The Swiss company, Gugger-Guillod SA, supplies its clients year-round. That's with yellow, red, and white onions and shallots. "Business is very good this season," says owner Roland Gugger. "The year is characterized by the fact that most of our products are supplied to supermarkets. This reinforces the already increasing demand from the retail sector for ever-smaller packaging."
Supermarkets mostly get these onions in 250g, 500g, and 1 kg packs. Last year, the company invested in automating its packaging line. And, combined with its optical sorting line, Gugger-Guillod now has a fully automated process.
Dust and peel extraction is essential in the packaging process
"Smaller packaging equals more operations in the packaging process. A packaging line that runs non-stop has therefore become even more important.
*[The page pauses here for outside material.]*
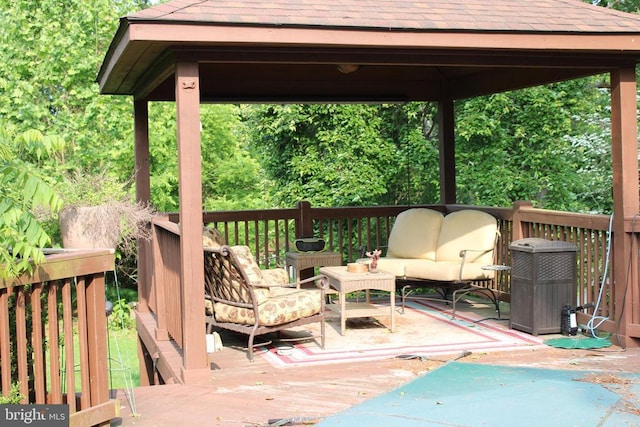  - wooden deck featuring an outdoor hangout area and a gazebo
The Elisam sorting line has included the Jongejans extraction system for many years. So Jongejans was involved in the packaging line's layout from early on. The system is incorporated in the line. It's done in such a way that it extracts dust and skins at all the crucial points," says Roland.
Jongejans, a Dutch company, installed two stationary SU-300 units and a “Variochief” extraction system. "We placed an extractor right before and especially right after the weigher. So, Gugger-Guillod achieves a much better result. Clipping the nets works better because there are no skins among them. The onions are packed much cleaner, without dust and skins. That's an added advantage," explains Jesse Vonk of Jongejans.
The last remaining loose onion skins can also be extracted. That considerably reduces the clipping's error margin. That means a better working machine, more packs per hour, and less repair work.
As with all onion processors, Gugger is proud of each batch of onions his company packs nice and neatly. "I'm delighted with Jongejans extraction system. It exceeds our expectations in terms of noise. It improves the air quality for our staff too," concluded Roland.